> _What to work on_
Among the entries below, the lines from the one with "Sticker Rond Safari" up to and including the one with "一对时尚不锈钢十二生肖星形耳" are to be restated exactly, without pictures.

Scraped caption text data

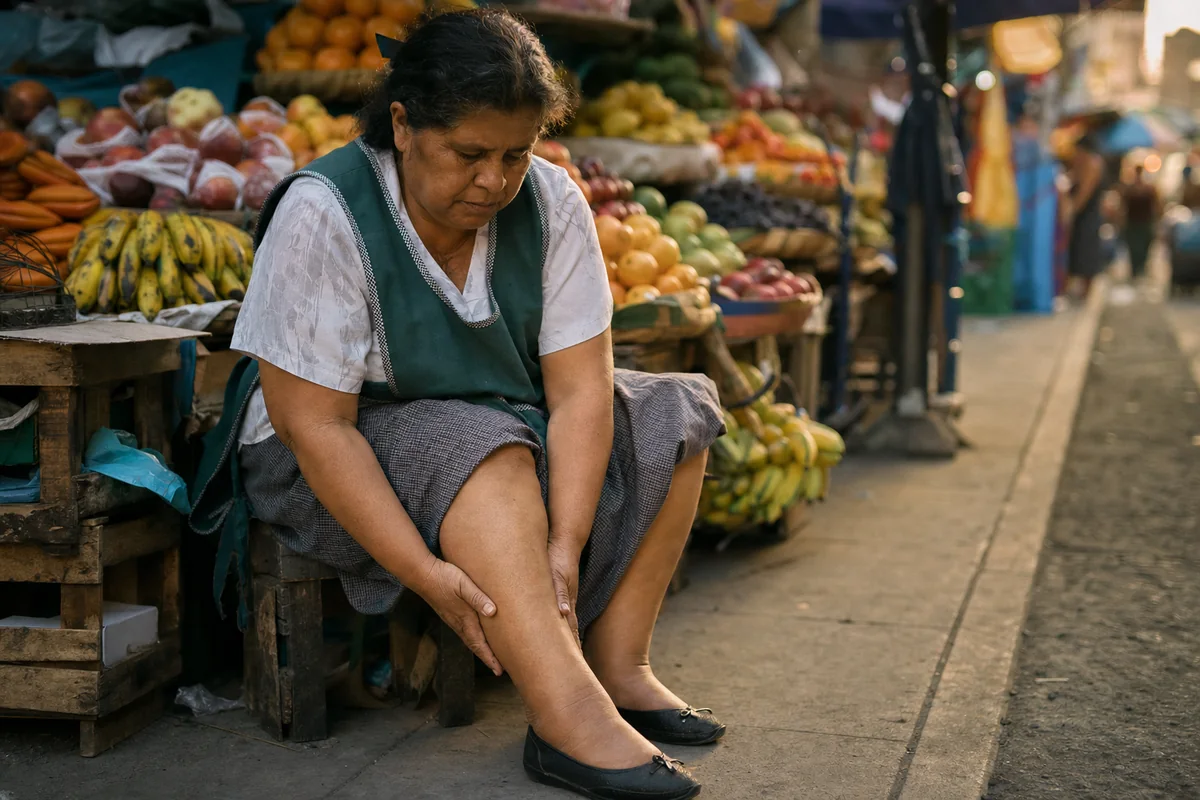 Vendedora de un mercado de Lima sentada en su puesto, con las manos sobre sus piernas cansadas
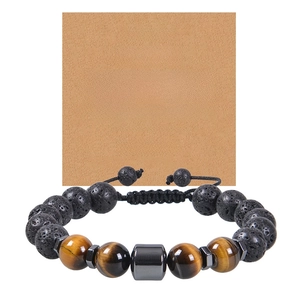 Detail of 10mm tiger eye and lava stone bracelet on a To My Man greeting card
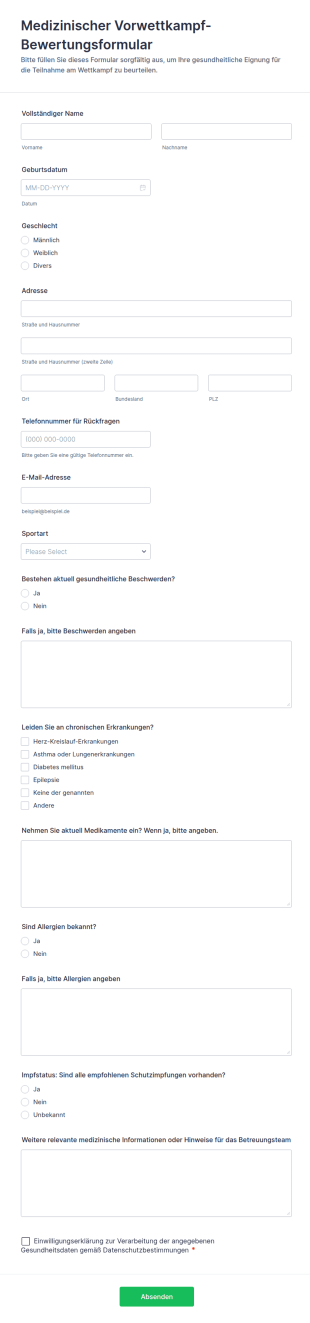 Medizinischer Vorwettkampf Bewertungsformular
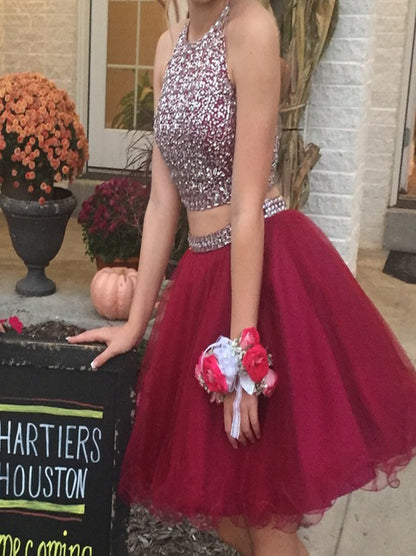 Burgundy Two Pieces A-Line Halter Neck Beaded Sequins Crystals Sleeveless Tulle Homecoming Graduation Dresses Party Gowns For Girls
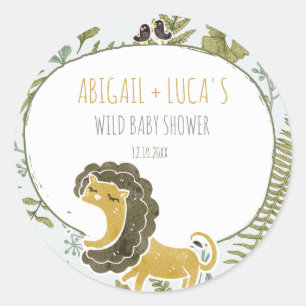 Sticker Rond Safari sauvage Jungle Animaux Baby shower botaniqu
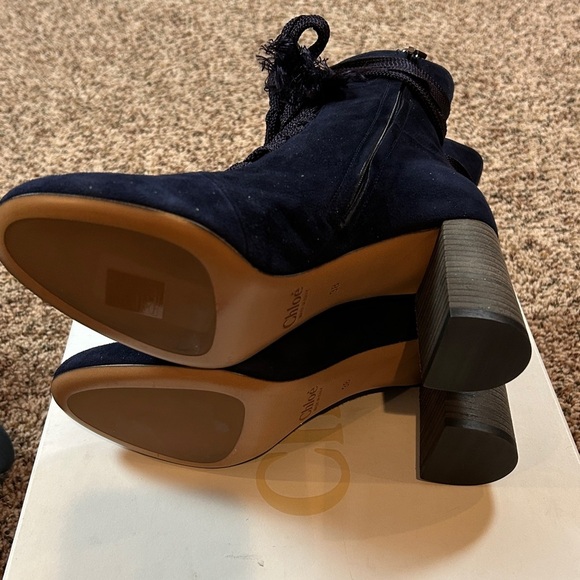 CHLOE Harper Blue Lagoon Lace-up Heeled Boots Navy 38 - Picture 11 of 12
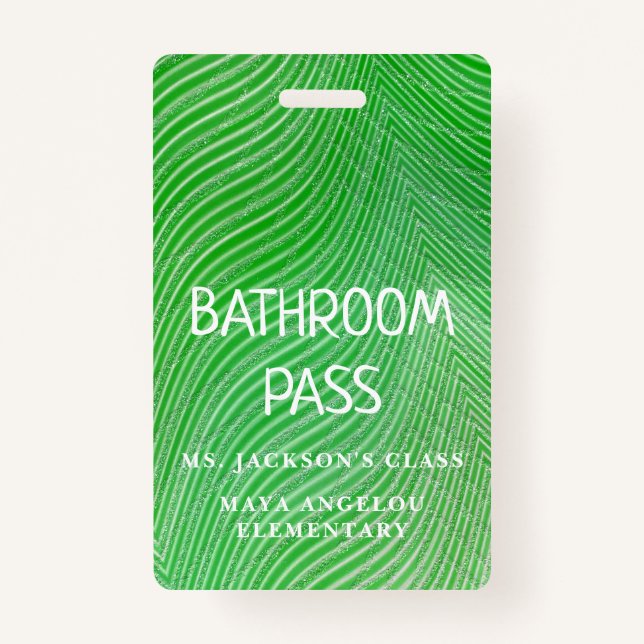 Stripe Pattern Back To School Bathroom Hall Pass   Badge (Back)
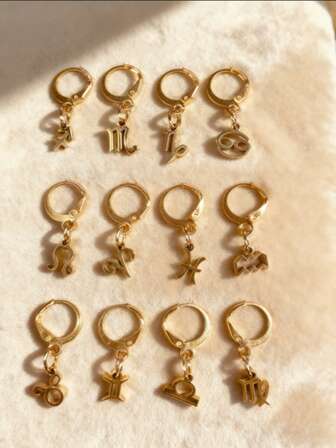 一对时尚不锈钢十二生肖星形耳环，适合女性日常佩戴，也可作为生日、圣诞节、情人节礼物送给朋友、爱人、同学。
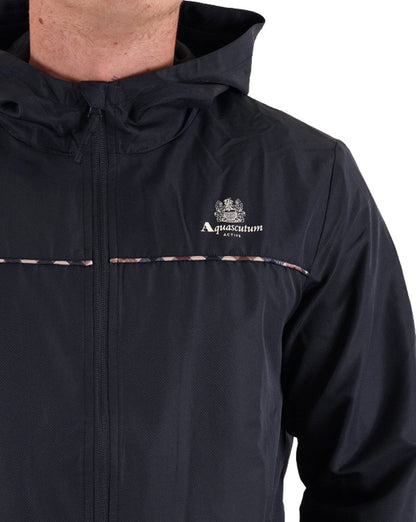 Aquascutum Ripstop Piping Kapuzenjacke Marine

> _Completed task_
 Sticker Rond Safari sauvage Jungle Animaux Baby shower botaniqu
 CHLOE Harper Blue Lagoon Lace-up Heeled Boots Navy 38 - Picture 11 of 12
 Stripe Pattern Back To School Bathroom Hall Pass   Badge (Back)
 一对时尚不锈钢十二生肖星形耳环，适合女性日常佩戴，也可作为生日、圣诞节、情人节礼物送给朋友、爱人、同学。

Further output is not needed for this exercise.